[GIVEN RECORDS]

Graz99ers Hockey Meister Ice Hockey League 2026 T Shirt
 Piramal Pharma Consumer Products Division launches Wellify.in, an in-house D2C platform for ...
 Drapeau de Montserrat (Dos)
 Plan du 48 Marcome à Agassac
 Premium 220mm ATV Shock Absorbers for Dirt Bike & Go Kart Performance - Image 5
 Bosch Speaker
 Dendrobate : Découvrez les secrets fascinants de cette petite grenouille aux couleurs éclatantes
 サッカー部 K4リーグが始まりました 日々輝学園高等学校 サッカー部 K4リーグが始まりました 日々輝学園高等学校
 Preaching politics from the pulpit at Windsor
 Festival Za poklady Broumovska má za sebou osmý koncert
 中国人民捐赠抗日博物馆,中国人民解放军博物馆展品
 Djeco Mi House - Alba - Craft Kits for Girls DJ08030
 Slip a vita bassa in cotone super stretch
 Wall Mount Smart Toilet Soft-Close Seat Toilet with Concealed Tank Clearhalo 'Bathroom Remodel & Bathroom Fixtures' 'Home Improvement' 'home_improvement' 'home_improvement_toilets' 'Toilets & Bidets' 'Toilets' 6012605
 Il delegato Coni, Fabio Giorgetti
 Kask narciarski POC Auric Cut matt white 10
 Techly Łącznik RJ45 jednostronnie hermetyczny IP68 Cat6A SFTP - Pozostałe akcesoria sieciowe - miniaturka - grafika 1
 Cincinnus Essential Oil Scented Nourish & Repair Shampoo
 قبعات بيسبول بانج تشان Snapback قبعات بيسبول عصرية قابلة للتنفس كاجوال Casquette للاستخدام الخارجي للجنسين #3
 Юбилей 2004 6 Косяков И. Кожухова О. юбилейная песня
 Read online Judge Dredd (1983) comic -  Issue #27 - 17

[/GIVEN RECORDS]

PROBLEM DETAILS:
Nothing should be returned except the lines from the first line of the data above through the line with "Plan du 48 Marcome à Agassac", each one exact.

SOLUTION FOR THIS EXERCISE:
Graz99ers Hockey Meister Ice Hockey League 2026 T Shirt
 Piramal Pharma Consumer Products Division launches Wellify.in, an in-house D2C platform for ...
 Drapeau de Montserrat (Dos)
 Plan du 48 Marcome à Agassac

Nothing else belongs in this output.